Really light, manoeuvrable and easy to ride. Great for a 35 mile commute between charges at full throttle (50 to 55mph), but you can get closer to 60 miles on a full charge if you bimble around at 30mph or less. Sure footed handling and effective, linked brakes. Saddle seems a little firm to start, but is comfortable enough. You can fit a pillion on (if your licence allows).

Engine 4 out of 5

Brisk, linear acceleration and power delivery. Twist and go. It may not have the top speed of a petrol driven 125, but it's as fast as most away the start.
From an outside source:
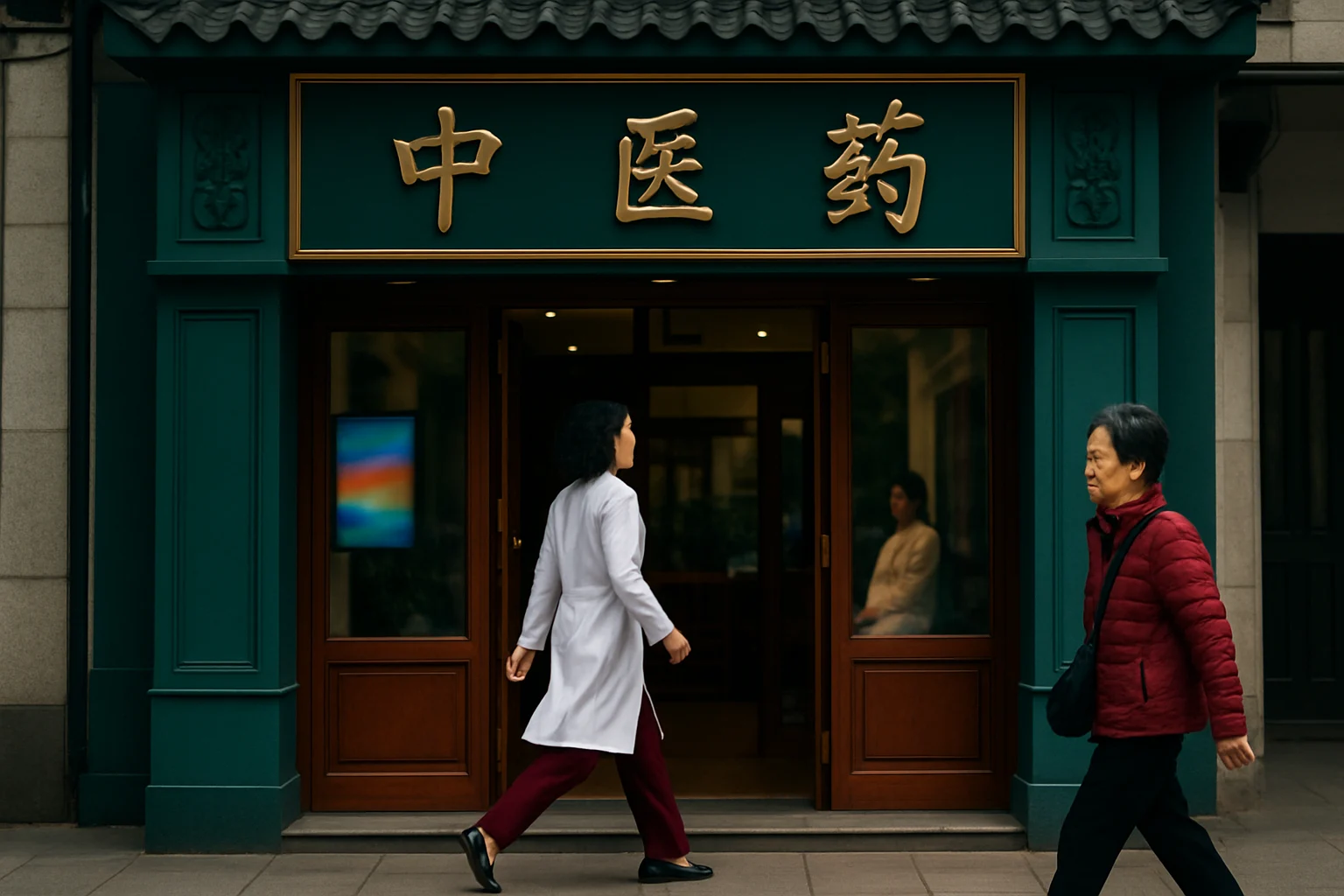 上海徐家汇黑中医馆外观，看似正规的医疗机构招牌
Reliability & build quality 4 out of 5

Charge and go simplicity. No breakdowns, no risk of engine failure. 3 year warranty on battery. Only fair wear and tear on consumable parts. Components are not high-end, but they are perfectly suitable for an all year round daily commuter bike so long as you take the time to clean and maintain it properly.

Value vs rivals 5 out of 5

Comparatively expensive to buy new (£5K), but should represent much better value as they appear on the second hand market after a year. No road tax. Low servicing costs. Very low running costs, depending on how much you pay for your electricity this costs the equivalent of 1 or 2p per mile to recharge/run.

Equipment 4 out of 5

Original fitted tyres still have enough tread on them after 5000miles, rear tyre will need replacing before 6000miles as the centre tread is getting low. The "petrol tank" is actually a handy storage compartment that has stayed perfect dry inside and includes a handy USB charging port. We've added a top box for convenience.

Buying experience: Comparatively expensive to buy new at £5K (after the Government electric vehicle grant has been deducted). However they are now starting to appear on the second-hand market and the prices are coming closer to the price you'd pay for a similarly aged quality 125cc petrol engined bike.